Rare diseases
and disabilities

According to the EU definition, diseases affecting up to five people per 10,000 people are considered rare. There are 5000-8000 rare diseases in Finland.

One of the causes of rare disease is genetic inheritance. In Finland, too, we have our own disease heritage. There are many rare diseases that are not hereditary. Only a few rare diseases occur relatively evenly around the world.

Rare patients can have many different symptoms and one person can have many different diseases. Person with a rare disease plays a key role, the more accurately they can describe the symptoms, the more likely it is that the cause of the symptoms can be determined. Often, only an accurate diagnosis and peer support will help to understand what symptoms are explained by a rare disease.

Due to the rarity of rare diseases and disabilities, diagnosis is often difficult to determine. Finding the right diagnosis can take up years or decades. A closer look at our genetic heritage would benefit rare patients and experts.
There is no genetic test for the diagnosis of all diseases. This requires doctors to have special expertise in diagnosis based on clinical research. Despite the lack of a genetic test, a rare patient is entitled to good care. If we get more detailed information about our genetic heritage, we will get the best possible path of treatment and the best possible physical, mental and social functioning. We could have a much more equal status and a more active role in society for the rare. However, genetic research must be ethical: closely monitored, resourced, organized, and regulated by law.

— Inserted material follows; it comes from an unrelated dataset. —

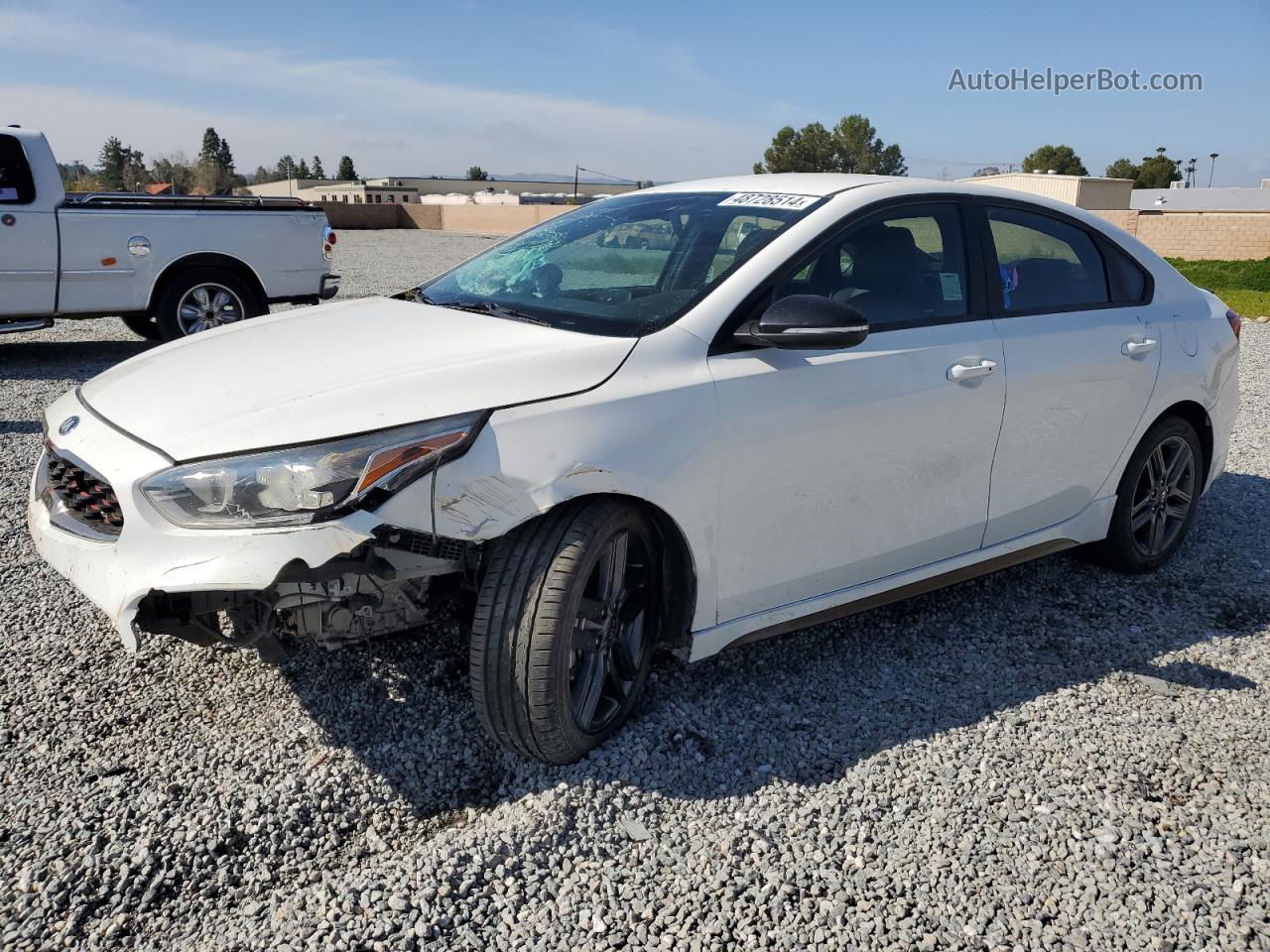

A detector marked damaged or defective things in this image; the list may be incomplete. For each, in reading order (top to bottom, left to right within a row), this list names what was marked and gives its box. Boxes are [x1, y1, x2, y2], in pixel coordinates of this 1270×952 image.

damaged front bumper [30, 391, 476, 651]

Thus, obtaining a diagnosis often brings relief and self-explanation to the symptoms experienced. It may be the case, for example, that a doctor may not even suspect a rare disease on the basis of symptoms in the initial stages, and common diseases must first be ruled out. In rare genetic diseases, often many genes can cause the same disease and the same gene can cause many diseases. Acquired rare diseases see a similar overlap between diseases.

Diagnosis is also not facilitated by the fact that even rare experts still do not have enough information about rare diseases. Smooth consultation between experts must also be facilitated. A definite diagnosis could be obtained more quickly without countless specialist visits.

A rare patient is often a challenging patient. The patient in particular is the best expert in their own disease or symptoms. An effective, safe, and reliable treatment relationship between the patient and the expert is a key success factor.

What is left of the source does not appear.